In a plea bargain, two 16-year-old boys Frey and Zehnder pleaded guilty to sexual abuse in the first degree, a felony, and voyeurism, a misdemeanor. Dietrich released the names of her attackers and argued publicly that they were not adequately punished despite being instructed not to discuss the case by the presiding judge. International controversy regarding the case developed when attorneys for the boys attempted to have her held in contempt, but the motion was subsequently dropped.

Afterwards, at the time of sentencing, the judge said that because of the "serious nature" of the crime, she would revise the punishment requested by the prosecutor. Accordingly, the judge removed a provision that would have expunged the defendants' records upon reaching age 19 1/2, and also ordered that their community service be served at a charity that deals with women's issues.
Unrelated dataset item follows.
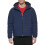 Tommy Hilfiger Giacca Packable con Cappuccio Stretch Poly Tommy Hilfiger Uomo, Midnight, XX-Large 1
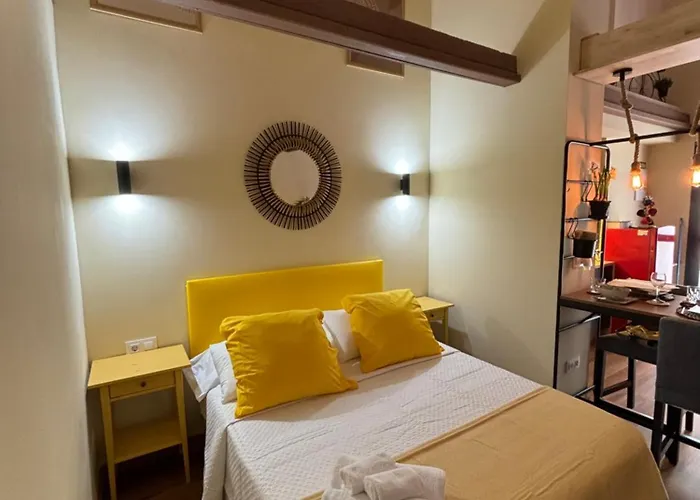 Studio 2 Port Valencia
==Initial court proceedings, plea deal, and privacy law==
The two defendants pleaded guilty to sexual abuse in the first degree, a felony and voyeurism, a misdemeanor. The initial plea-deal agreed to by the prosecutor was 50 hours of community service, a diversion agreement, counseling, and a provision to expunge the defendants' criminal records—provided they maintained good behavior—at age 19 1/2. Paul Richwalsky, the prosecutor in the case was a graduate and booster of Trinity High School, the same school the boys attended.

On June 26, 2012, Judge Deana H. McDonald admonished the parties to the case that they must follow the statutes and laws regarding privacy and confidentiality of juvenile proceedings in the Commonwealth of Kentucky. The state of Kentucky is one of 11 states which seal court cases if the accused is under 18 years of age. Then Judge McDonald took an extra step, indicating that the crime itself should not be discussed and that no one should "speak about the incident to anyone for any reason," she said, according to court files. "No one is to talk or type anything." This meant that Dietrich (the 16-year-old female victim) was not permitted to speak about the case, the charges, the facts and allegations therein, and the identities of the defendants.
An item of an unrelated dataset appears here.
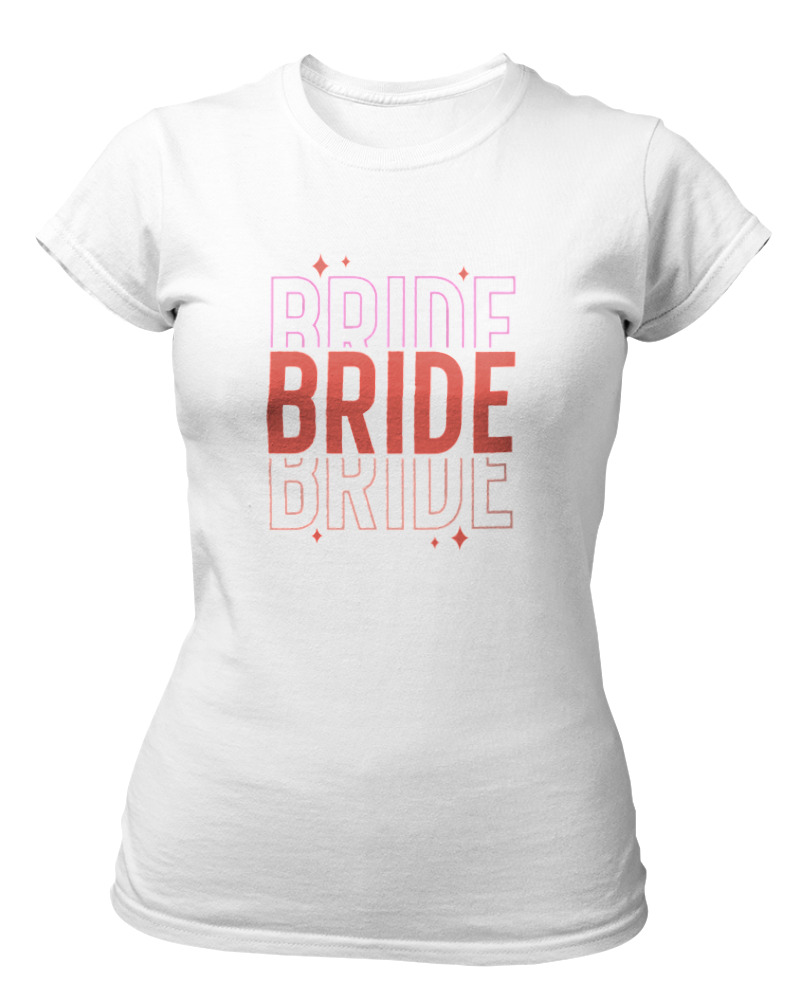 Bride - Image 0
==Statements by victim protesting leniency==
Dietrich stated that she felt her concerns were not properly addressed and that the proposed deal was too lenient. Later that evening, she announced the names of the defendants on Twitter, tweeting "Will Frey and Austin Zehnder sexually assaulted me," and "There you go, lock me up. I'm not protecting anyone that made my life a living hell."

The primary judge on the case, Angela McCormick Bisig, was away the day the controversial order of silence was issued by Judge McDonald. In 2013 Judge Bisig, then a circuit-court judge, went on record acknowledging Dietrich should have been allowed to discuss the crime itself, "We cannot tell a young crime victim that they cannot tell their personal story."
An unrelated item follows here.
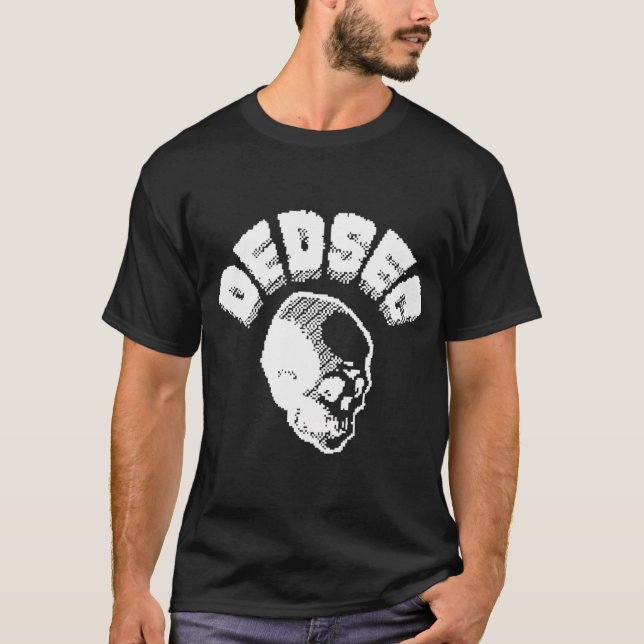 T-shirt Dedsec (Devant)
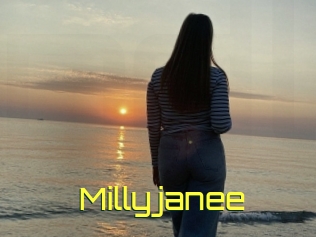 Millyjanee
Attorneys for the boys attempted to have Dietrich held in contempt for publishing their names, but the motion was subsequently dropped. Notwithstanding Judge McDonald's admonitions forbidding anyone "talk or type anything", on August 28, 2012, Judge Bisig stated in her ruling that on July 30, 2012 "Judge McDonald ruled that there was no "gag order" in place and that her admonishment had been to comply with the law of confidentiality required by Kentucky Statutes."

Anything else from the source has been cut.